• _SOURCE DATA_:

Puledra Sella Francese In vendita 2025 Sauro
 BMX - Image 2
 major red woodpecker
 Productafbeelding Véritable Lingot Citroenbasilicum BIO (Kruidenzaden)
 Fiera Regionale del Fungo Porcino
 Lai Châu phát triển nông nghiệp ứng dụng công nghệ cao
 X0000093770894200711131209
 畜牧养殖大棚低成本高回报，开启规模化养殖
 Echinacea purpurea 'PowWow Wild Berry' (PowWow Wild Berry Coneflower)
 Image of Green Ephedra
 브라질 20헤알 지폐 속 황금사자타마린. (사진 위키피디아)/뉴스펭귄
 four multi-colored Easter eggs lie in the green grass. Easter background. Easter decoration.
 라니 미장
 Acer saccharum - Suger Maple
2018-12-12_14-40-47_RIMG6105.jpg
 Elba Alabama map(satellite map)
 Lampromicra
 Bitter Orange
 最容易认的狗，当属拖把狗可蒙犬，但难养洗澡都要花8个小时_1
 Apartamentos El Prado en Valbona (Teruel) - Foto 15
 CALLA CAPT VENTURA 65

• _WHAT THIS TASK INVOLVES_:
Return only the lines spanning from the first line of the material through the line with "Bitter Orange", copied exactly, both ends kept.

• _FINAL ANSWER_:
Puledra Sella Francese In vendita 2025 Sauro
 BMX - Image 2
 major red woodpecker
 Productafbeelding Véritable Lingot Citroenbasilicum BIO (Kruidenzaden)
 Fiera Regionale del Fungo Porcino
 Lai Châu phát triển nông nghiệp ứng dụng công nghệ cao
 X0000093770894200711131209
 畜牧养殖大棚低成本高回报，开启规模化养殖
 Echinacea purpurea 'PowWow Wild Berry' (PowWow Wild Berry Coneflower)
 Image of Green Ephedra
 브라질 20헤알 지폐 속 황금사자타마린. (사진 위키피디아)/뉴스펭귄
 four multi-colored Easter eggs lie in the green grass. Easter background. Easter decoration.
 라니 미장
 Acer saccharum - Suger Maple
2018-12-12_14-40-47_RIMG6105.jpg
 Elba Alabama map(satellite map)
 Lampromicra
 Bitter Orange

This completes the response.